Seattle Power Company Sued for Violating the Rights of Fish By Wesley J. Smith
I have been warning the green warriors that “nature rights” will someday come back to bite reneweable energy projects. For example, electricity-generating windmills kill millions of birds and bats. If these animals have the “inalienable right to exist, flourish, regenerate, and evolve,” and if anyone can sue to enforce the rights of nature as nature-rights laws tend to provide, then lawsuits to shut down the windmills for violating birds’ rights is only a matter of time.
Seattle City Light is now under that very threat because of the electricity-generating dams it operates. Only instead of birds suing, it is fish — salmon to be specific. In a case brought by Native Americans, a court is being asked to declare that the rights of the fish are being violated under a nature rights legal theory. From the KUOW story:
Salmon can’t go to court, but the Sauk-Suiattle Indian Tribe says the fish at the heart of its and other Northwest tribal cultures should have legal rights.
The tribe has filed a lawsuit on behalf of Tsuladxʷ in Sauk-Suiattle Tribal Court to assert those rights in the tribe’s traditional territory in Washington’s North Cascades. “These rights include, but are not limited to, the right to pure water and freshwater habitat; the right to a healthy climate system and a natural environment free from human-caused global warming impacts and emissions,” the suit states.
“Not just to declare that they have rights, but that also you and I have a duty to protect those rights,” said Jack Fiander, Sauk-Suiattle tribal counsel. “We’re sort of like their trustee and they’re our minors.”
The suit accuses Seattle City Light of violating the salmon’s and the tribe’s rights by operating three dams on the Skagit River with no way for fish to get past them.
About one-fifth of Seattle’s power comes from these dams, which don’t produce emissions.
“But Wesley,” you say, “the fish’s rights can be protected by building a salmon ladder or some such thing, without taking down the dam.”

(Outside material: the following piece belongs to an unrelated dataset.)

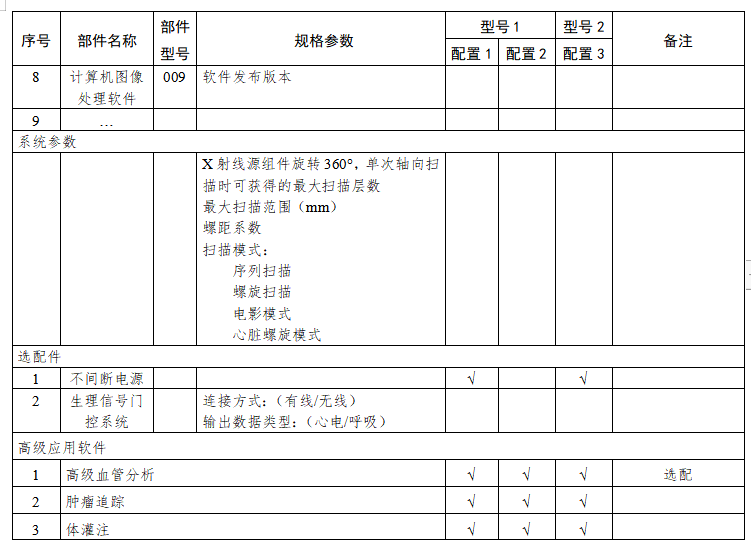 计算机组成框架图_流程图怎么做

Maybe. But many in the nature rights movement would say that the dams violate the rights of the river to flow freely. Indeed, several rivers in the world already have rights and there is an attempt in Florida to grant such rights to “water” in the state Constitution. In such a topsy-turvy world, the dams would have to come down altogether for violating the river’s rights.
When we give up human exceptionalism, we go a bit mad and soon are eating our own tails. The green movement — which thinks it is attacking capitalism and fighting global warming — will find that out sooner rather than later if they succeed in granting rights to the natural world and its various elements.